• [TASK TO COMPLETE]: Below are some records. Quote exactly the lines from the one that contains "Mother of God" through the last, both included, and leave out the pictures.

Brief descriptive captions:

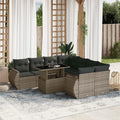 9-tlg. Garten-Sofagarnitur mit Kissen Grau Poly Rattan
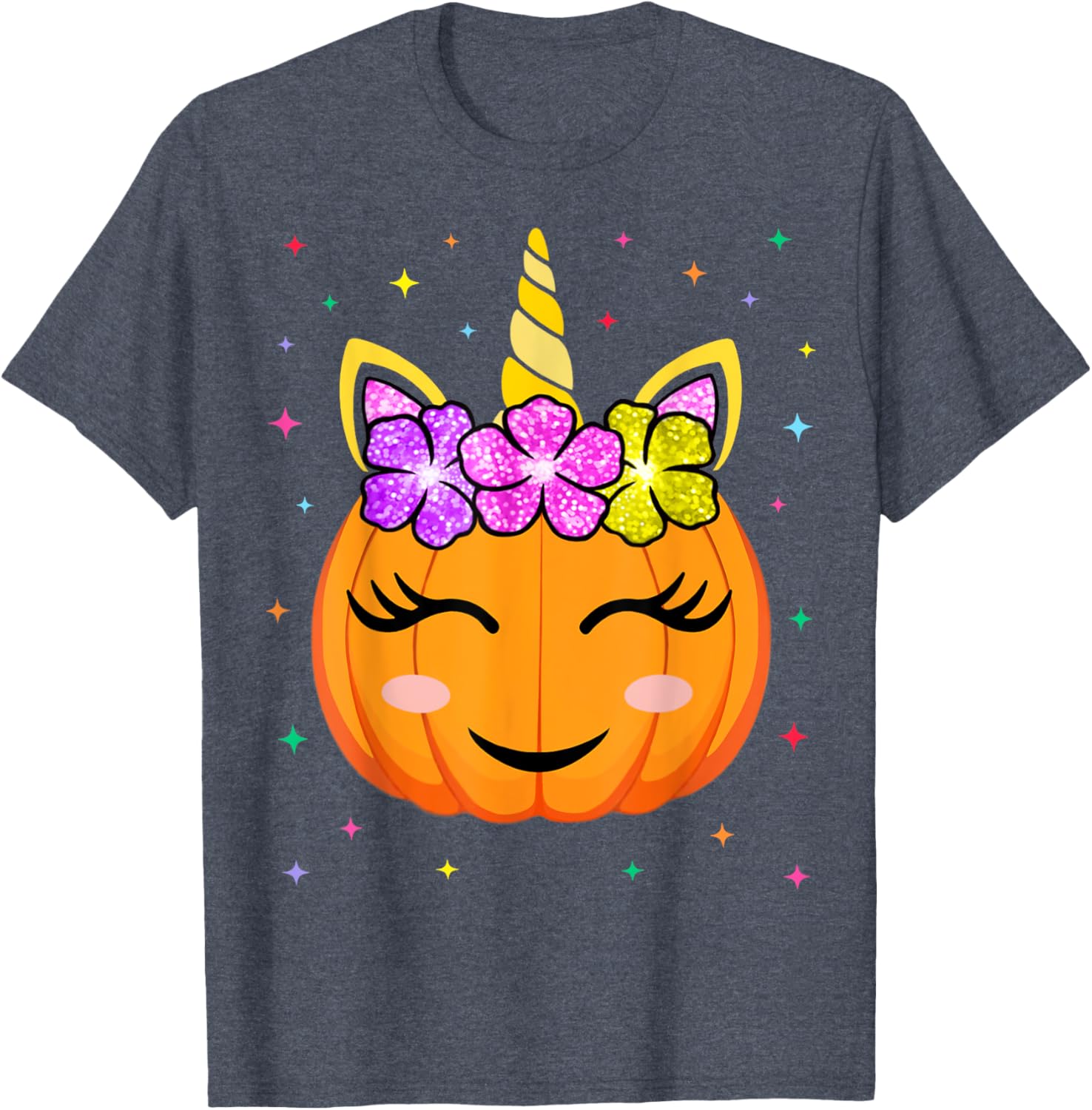 Cute Unicorn Pumpkin Halloween T-Shirt for Girls - Fun Kids Costume - 5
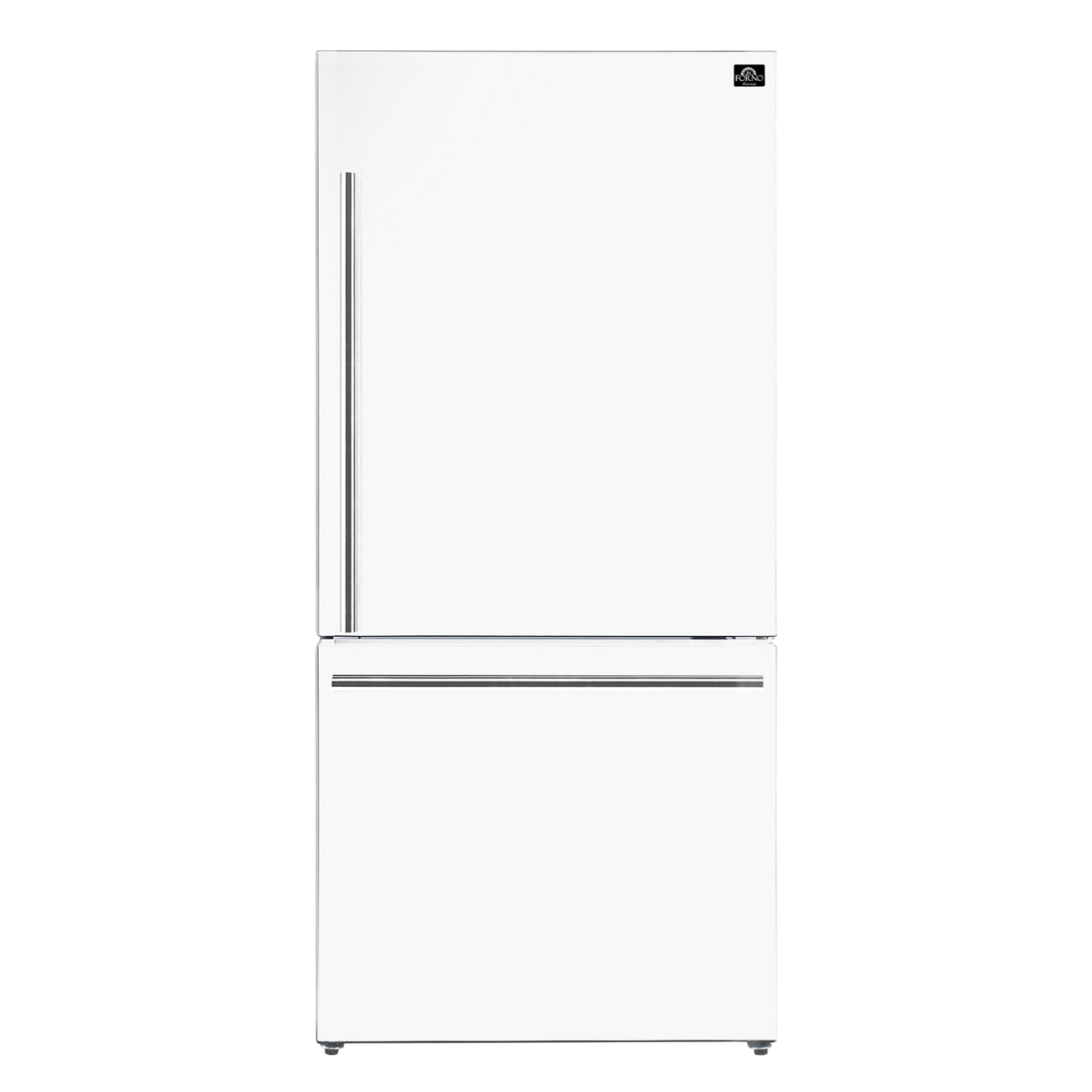 FORNO Espresso Milano 31" 17.2 cu. ft. Right Swing Refrigerator and Bottom Freezer in White with Stainless Steel Handles, FFFFD1785-31WHT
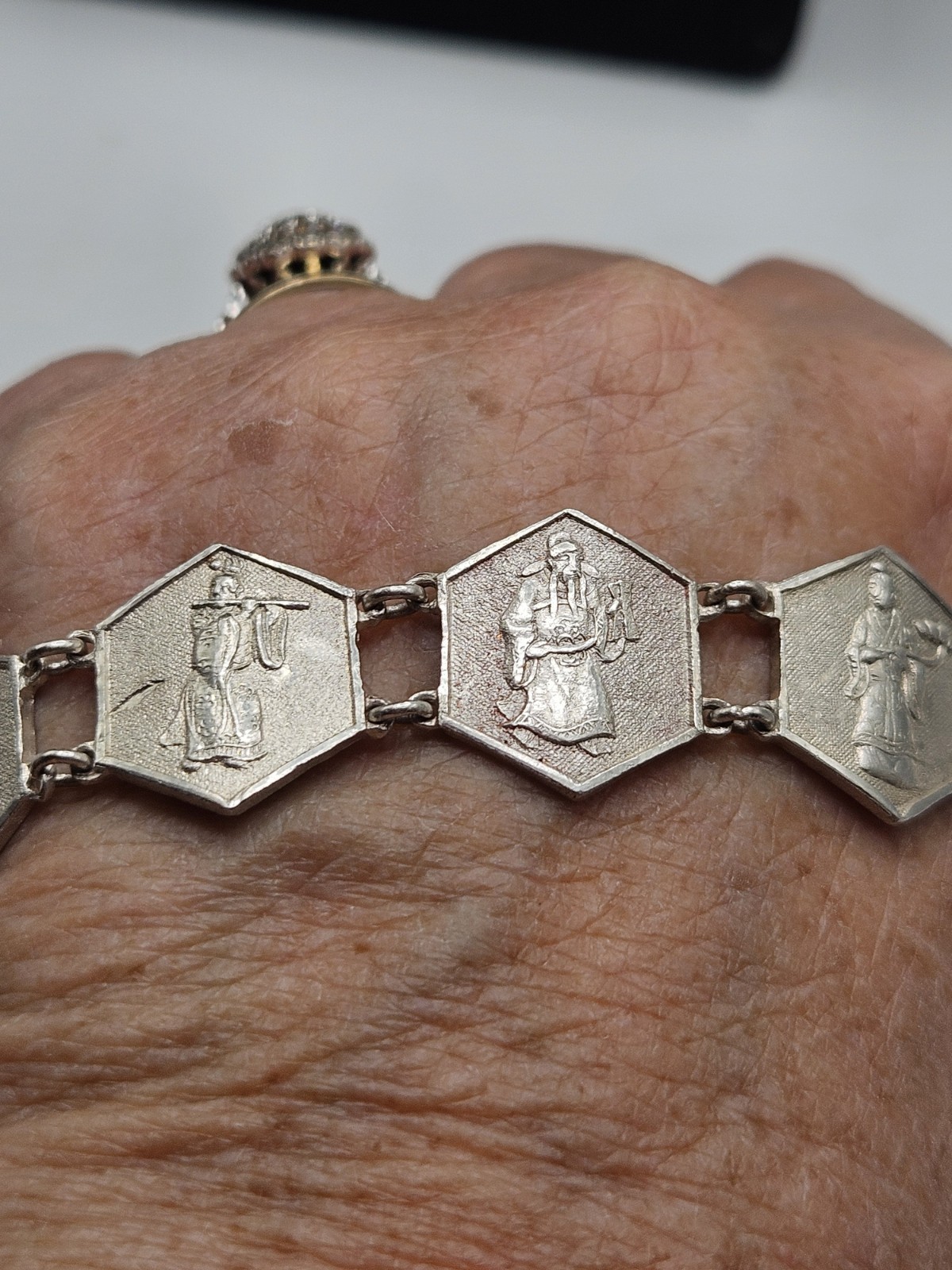 Vintage China Export Sterling Silver Panel Bracelet. Signed China, Sterling,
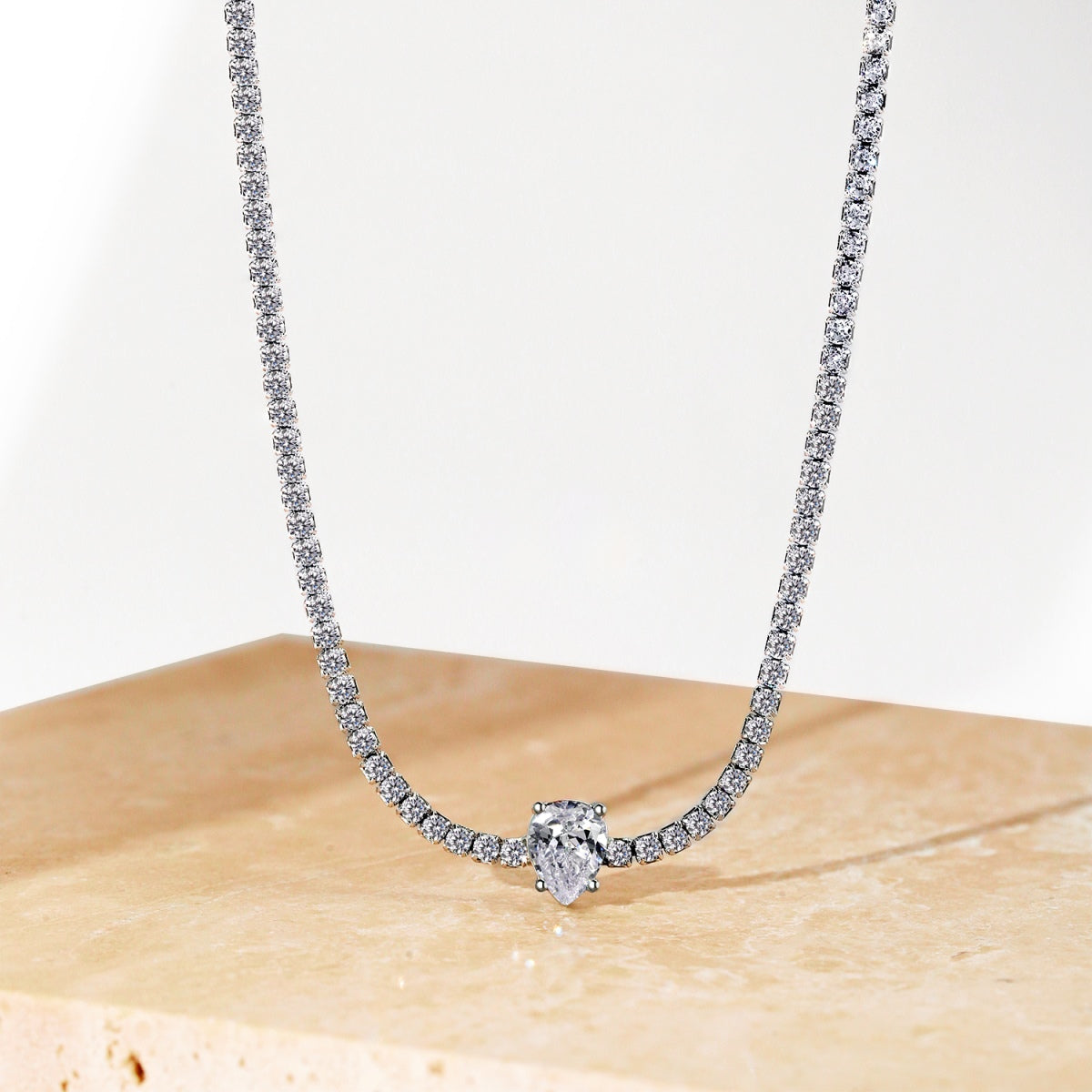 [Clover Jewelry]1.0 carat Unique Pear Cut Tennis Necklace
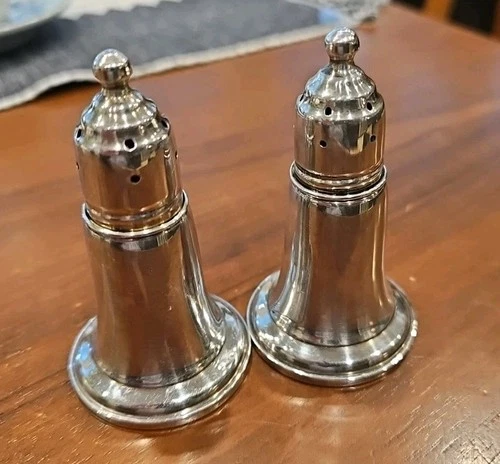 Vintage Reed & Barton 168 Weighted Glass & Sterling Silver Salt & Pepper Shakers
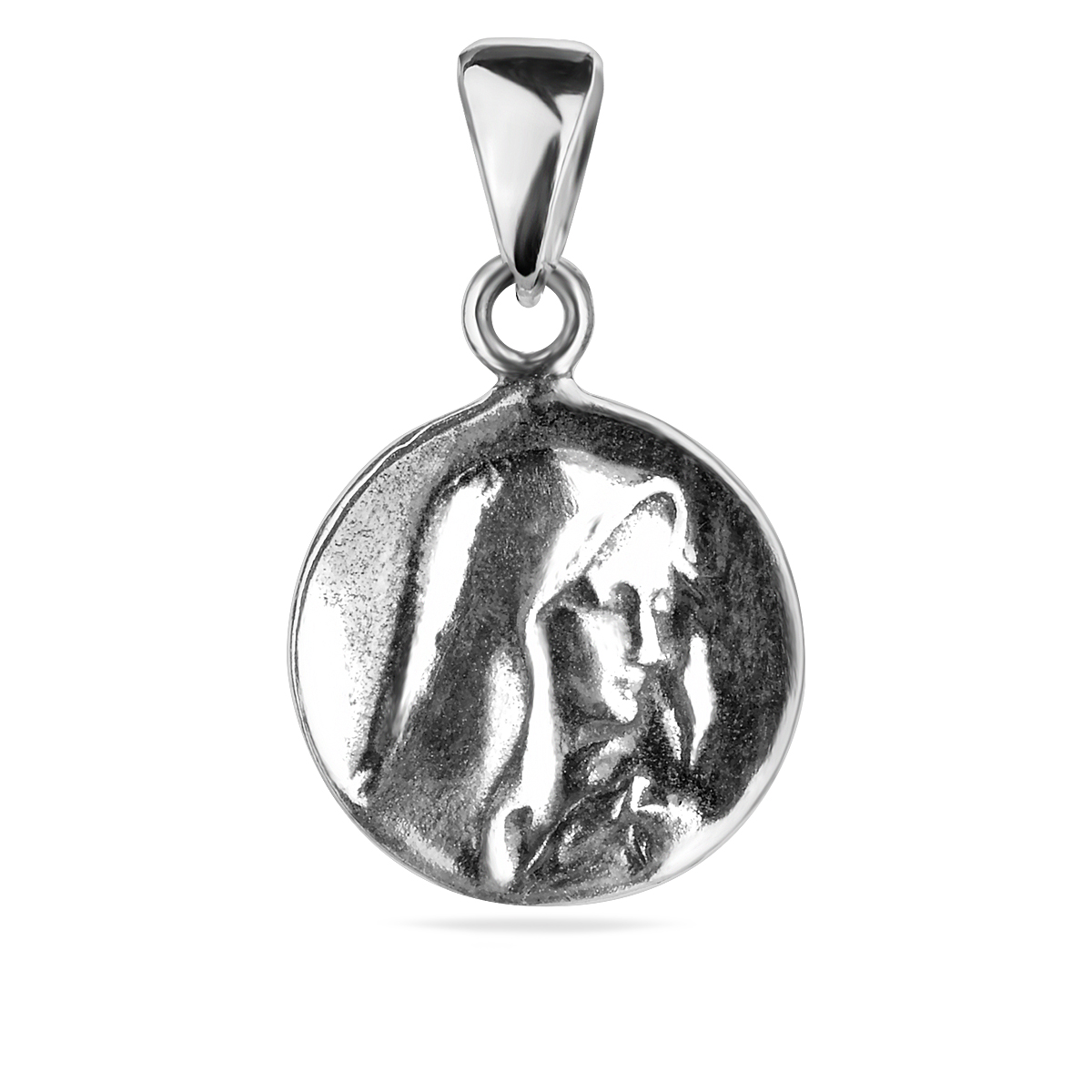 Mother of God Small Pendant Sterling Silver 925 Madonna Virgin Saint Mary Jesus Religious Medallion Charm Circle Gift Jewellery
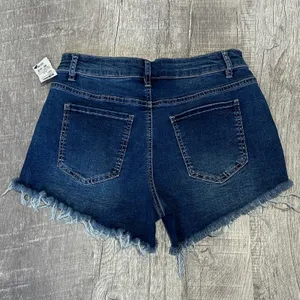 Akira NEW Flex Fit Cut Off Dark Denim Shorts Womens L (29X3.5) High Waist Frayed thumbnail 5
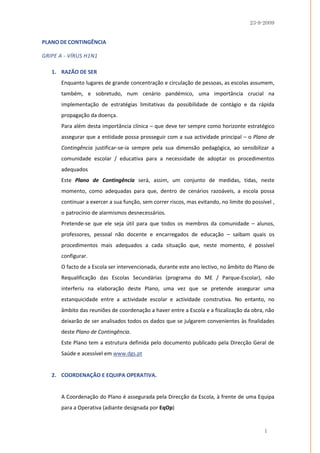 Plano De Contingencia 2009
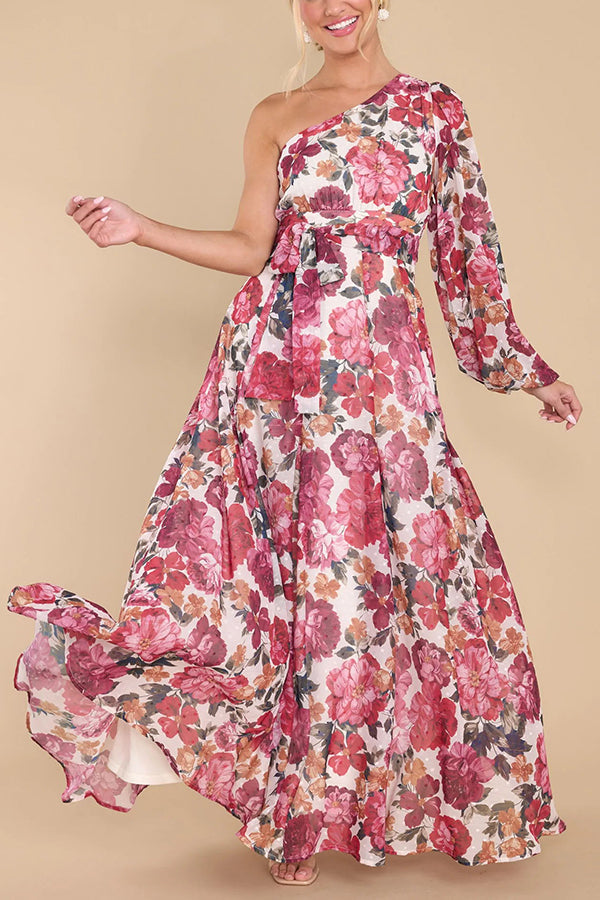 Modern Fairytale Multi Floral One Shoulder Maxi Dress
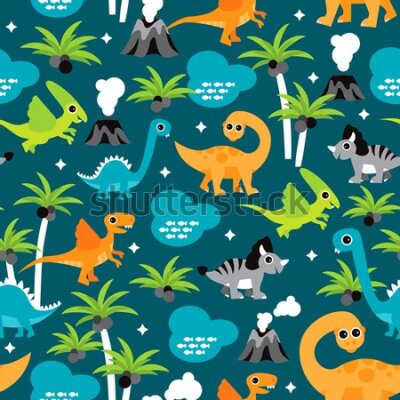 Tapeta Dla chłopca kolorowe zwierzęta palmy wulkan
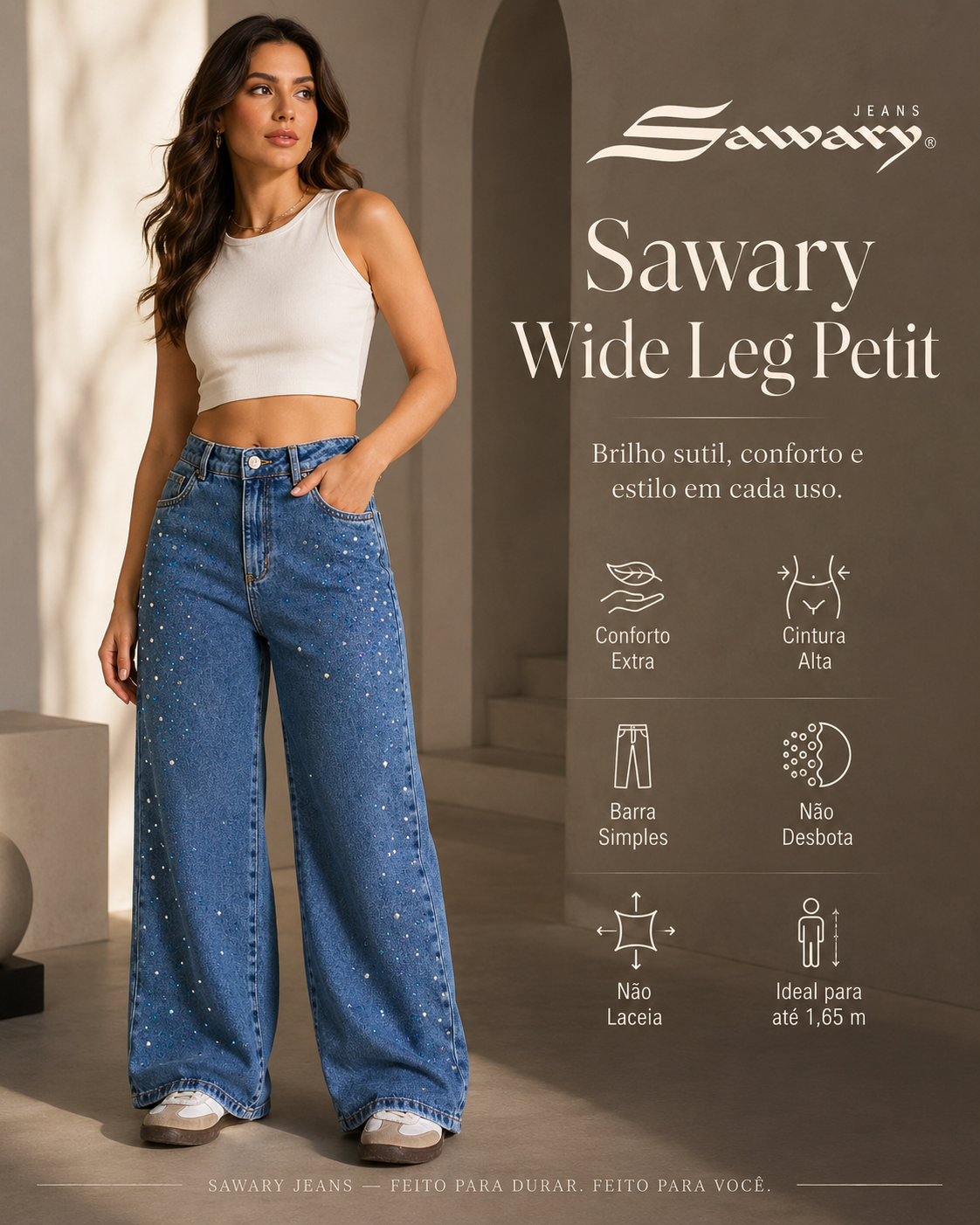 Calça Jeans Sawary Wide Leg Petit Brilho - 283723 (No Lycra)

• [RESPONSE AREA]:
 Mother of God Small Pendant Sterling Silver 925 Madonna Virgin Saint Mary Jesus Religious Medallion Charm Circle Gift Jewellery
 Akira NEW Flex Fit Cut Off Dark Denim Shorts Womens L (29X3.5) High Waist Frayed thumbnail 5
 Plano De Contingencia 2009
 Modern Fairytale Multi Floral One Shoulder Maxi Dress
 Tapeta Dla chłopca kolorowe zwierzęta palmy wulkan
 Calça Jeans Sawary Wide Leg Petit Brilho - 283723 (No Lycra)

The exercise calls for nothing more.